"Notre Kia blanche était stationnée près de la maison (...). A notre retour, elle n'y était plus", raconte amèrement cette femme de 40 ans. "On ne sait pas qui l'a prise".
Comme des dizaines de milliers d'habitants de Mossoul, Saliha Sultan a fui la deuxième ville d'Irak au plus fort des combats entre les forces gouvernementales et les jihadistes du groupe Etat islamique (EI).
De retour dans son quartier repris à l'EI, elle découvre un décor de désolation.
Des tonnes de véhicules, de toutes marques et couleurs, s'entassent dans les rues et bloquent la circulation.
Souvent volées aux habitants, ces voitures étaient utilisées par les jihadistes comme de véritables armes pour bloquer la progression de leurs adversaires dans cette ville du nord dont ils avaient fait leur bastion en Irak depuis 2014.
Les forces irakiennes tentent depuis octobre d'arracher Mossoul à l'EI et elles contrôlent désormais plus de 90% de cette cité traversée par le fleuve Tigre.
Dans certains quartiers, quelques voitures ont été épargnées, mais leurs vitres soufflées et la poussière les rend méconnaissables.
Errant de rue en rue, Mme Sultan n'a pas perdu espoir de retrouver sa voiture intacte: "nous la cherchons encore".
Vêtue d'une longue robe marron et violette, elle affirme toutefois avoir déposé une plainte auprès des forces de sécurité pour qu'elles l'aident à retrouver le véhicule.
Selon un responsable au sein des Forces irakiennes d'intervention rapide, Rami al-Tamimi, l'EI brûlait des voitures pour assombrir le ciel et perturber la visibilité de l'aviation de la coalition internationale antijihadistes.
Le groupe ultraradical entassait aussi des voitures dans les rues pour ériger des barricades bloquant la progression des troupes, explique-t-il à l'AFP.
15 ans d'effort
Les civils se sont également servis de leur voiture comme arme de défense contre l'EI.
"Beaucoup de familles ont aidé l'armée en garant leur véhicule en plein milieu de la rue" pour se protéger de l'avancée de l'EI, dit M. Tamimi. "Nous les avons entendu dire: +Plutôt ma voiture que ma famille+".
Abou Hassan, un ancien commerçant, raconte que "pour se venger des habitants qui ne lui avaient pas prêté allégeance, l'EI a brûlé leurs voitures" quand il tenait la ville.
Puis, lorsque l'offensive de Mossoul a été lancée, le groupe jihadiste a piégé ces voitures pour les lancer contre ses adversaires, selon ce quadragénaire.
A l'instar de Saliha Sultan, Oum Kamal, un nom d'emprunt, cherche partout sa Toyota.
"Lorsque les combats se sont intensifiés le mois dernier, nous avons fui notre quartier et abandonné la voiture près de la maison.

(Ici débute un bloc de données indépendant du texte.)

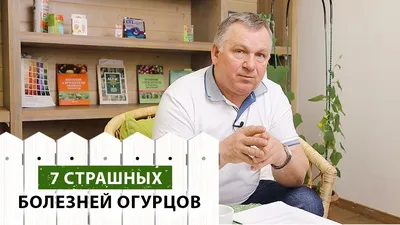 Выращивание огурцов в теплице из поликарбоната зимой: как правильно, чтобы  не замерзли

Hélas, nous ne l'avons pas trouvée à notre retour", raconte-t-elle.
"Mes enfants ont travaillé pendant quinze ans pour qu'on puisse l'acheter", dit tristement cette mère de famille.
Abou Nachmi, 31 ans, membre des forces de sécurité de la province de Ninive dont Mossoul est le chef lieu se veut, lui, rassurant.
"Plusieurs familles se sont plaintes de la perte de leur voiture. Nous en avons trouvé certaines qui étaient garées dans plusieurs parkings" de la ville, affirme-t-il. "Quand les informations étaient disponibles, nous avons contacté leurs propriétaires et leur avons demandé de venir la chercher".